Below are lines of data. Give the number of them that contain the string "about", and nothing else.

**Information supplied:**
□ □ □ □
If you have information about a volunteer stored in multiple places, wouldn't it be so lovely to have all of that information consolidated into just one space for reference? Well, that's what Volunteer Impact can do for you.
□ □ □ □
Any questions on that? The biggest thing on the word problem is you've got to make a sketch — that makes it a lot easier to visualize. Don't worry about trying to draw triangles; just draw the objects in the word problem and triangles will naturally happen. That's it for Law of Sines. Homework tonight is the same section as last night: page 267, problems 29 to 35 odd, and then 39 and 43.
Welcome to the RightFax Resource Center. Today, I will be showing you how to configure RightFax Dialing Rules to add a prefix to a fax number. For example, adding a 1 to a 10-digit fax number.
□ □ □ □
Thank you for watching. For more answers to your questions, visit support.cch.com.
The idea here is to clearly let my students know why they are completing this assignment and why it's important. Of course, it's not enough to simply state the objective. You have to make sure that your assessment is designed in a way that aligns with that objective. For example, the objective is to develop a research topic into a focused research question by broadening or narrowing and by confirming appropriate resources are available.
□ □ □ □
**Answer area:**
2